The seat used to be as soon as held by way of the overdue President George H.W. Bush, and one among Fletcher’s maximum outstanding constituents is U.S. Sen. Ted Cruz. TX-7 used to be designed to be a secure Republican stronghold, however the 46-year-old former trial legal professional snatched it away 3 years in the past. And whilst a lot of her classmates from the 2018 Democratic wave misplaced reelection in 2020, she hung on in opposition to an impressive Republican opponent.
Any day now, she’ll learn the way intent Texas Republicans are on taking the seat again.
The Texas Legislature is poised to unveil its proposed maps for brand new Texas Congressional districts, and a few be expecting they are going to redraw the seventh Congressional District in some way that dooms Fletcher’s probabilities of profitable there once more.
Fletcher is easily conscious she is in political purgatory.
“I’ve all the time recognized that that is simply a part of the method and … there’s such a lot taking place right here, that possibly it’s just right that it’s now not my center of attention,” she stated in an interview. “It’s on my radar that my task is to constitute my constituents and definitely listening to what I’ve heard, figuring out what I do know, I do really feel a duty to take a look at to offer protection to the district and to offer protection to them.”
All through two phrases within the U.S. Area, Fletcher has been a quite overshadowed presence, a quietly dependable celebration member some of the boisterous pack of Democrats who took again the chamber in 2018.
She is a robust fundraiser — gathering extra money this cycle than some other Texas Democratic member.
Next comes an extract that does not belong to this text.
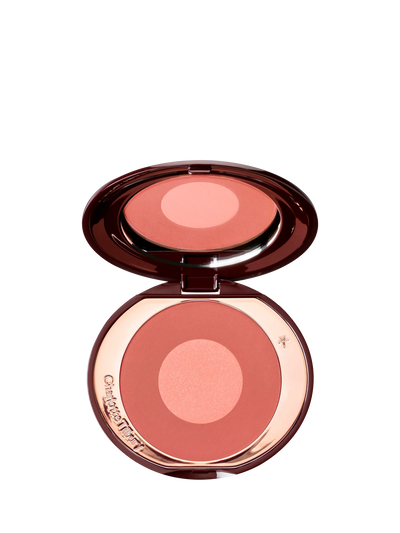 John Lewis Charlotte Tilbury Cheek To Chic Blusher Pillow Talk Deep Powder Blusher- Buy online at McGrocer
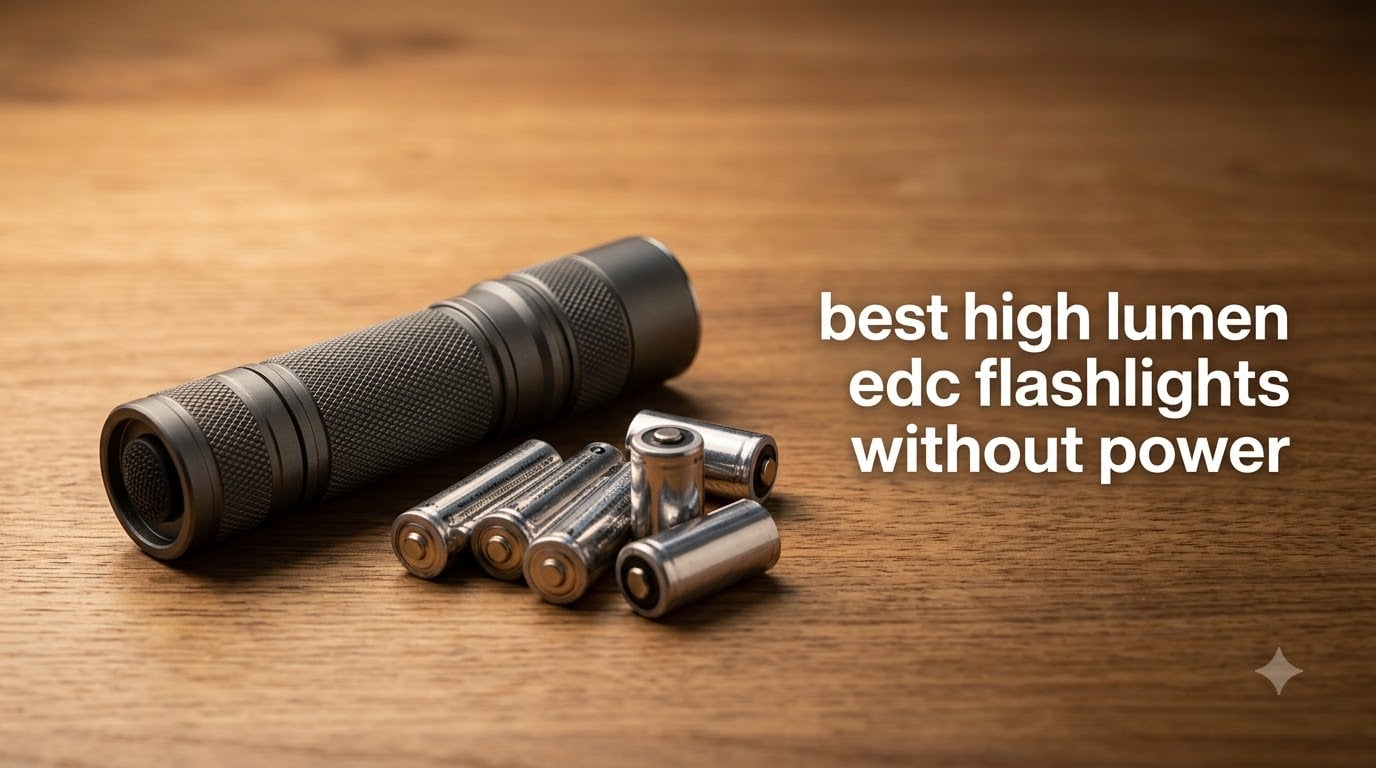 best high lumen edc flashlights without power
She does now not create complications for celebration management and avoids the bombast of contemporary social media politicking.
However redistricting is a blood recreation, and Republicans this time round have a good freer hand to carve up the state for partisan benefit after the U.S. Ideally suited Courtroom’s 2013 choice gutting key provisions of federal regulations that secure citizens of colour.
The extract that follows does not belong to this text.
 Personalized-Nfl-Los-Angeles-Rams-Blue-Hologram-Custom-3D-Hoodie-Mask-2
No Texas Democrat is extra ceaselessly cited as a most probably sufferer of the redistricting pen than Fletcher. Whether or not or now not Republicans take an competitive posture towards her may set the degree for the following decade within the Texas congressional delegation.
A lot of the animus towards her within the Republican guide elegance is rooted in geography: Fletcher represents a seat that used to be by no means supposed to be aggressive, let on my own held by way of a Democrat.
Two of the former congress individuals elected there are Republican legends: the elder Bush and previous Area Tactics and Method Committee Chairman Invoice Archer. Fletcher does now not run from that historical past.
She’s loosely involved with the Bush camp, and when she met this week with one among her interns from the College of Texas who is a part of a program named for Archer, Fletcher used to be fast to show that he as soon as represented the district.
Whilst some Republicans take umbrage with this, she is a creature of her place of birth.
Reared within the Afton Oaks community all over the 1980s oil bust, she attended town’s maximum elite non-public college. She left the state for her undergraduate stage and regulation college however returned in 2006 to paintings for Vinson & Elkins, probably the most politically stressed corporations on the town. Previous to her run, she used to be a spouse at Ahmad, Zavitsanos, Anaipakos, Alavi & Mensing regulation company.
Now, because the congresswoman, she has two grown stepchildren and lives along with her legal professional husband close to the realm the place she grew up.
She got here to this political position in early 2017. Fletcher joined the wave of political neophytes who ran for Congress in a backlash to the election of former President Donald Trump. She in the end defeated U.S. Rep. John Culberson, an established Republican who had most commonly confronted nominal Democratic combatants up to now.
Her first election used to be so the most important to nationwide Democrats that they despatched one among their best surrogates — the overdue U.S. Rep. John Lewis — to marketing campaign along with her at African American worship products and services the weekend earlier than the election.
That day nonetheless imbues her Washington place of business, the place she presentations a number of framed pictures of herself with Lewis from that point and every other from a pre-pandemic 2020 march at the Edmund Pettus Bridge in Selma the place many years previous the civil rights icon used to be just about crushed to loss of life by way of police.
Houston iconography additionally abounds — coasters with one of the most native space codes, 713 — and her older sister’s paintings celebrating town. There are two framed maps of the seventh Congressional District — which incorporates a lot of west Houston and its suburbs.
What that district will appear to be after the Legislature is completed drawing new maps is now probably the most debated questions in Texas politics, and the merciful situations for Fletcher are restricted.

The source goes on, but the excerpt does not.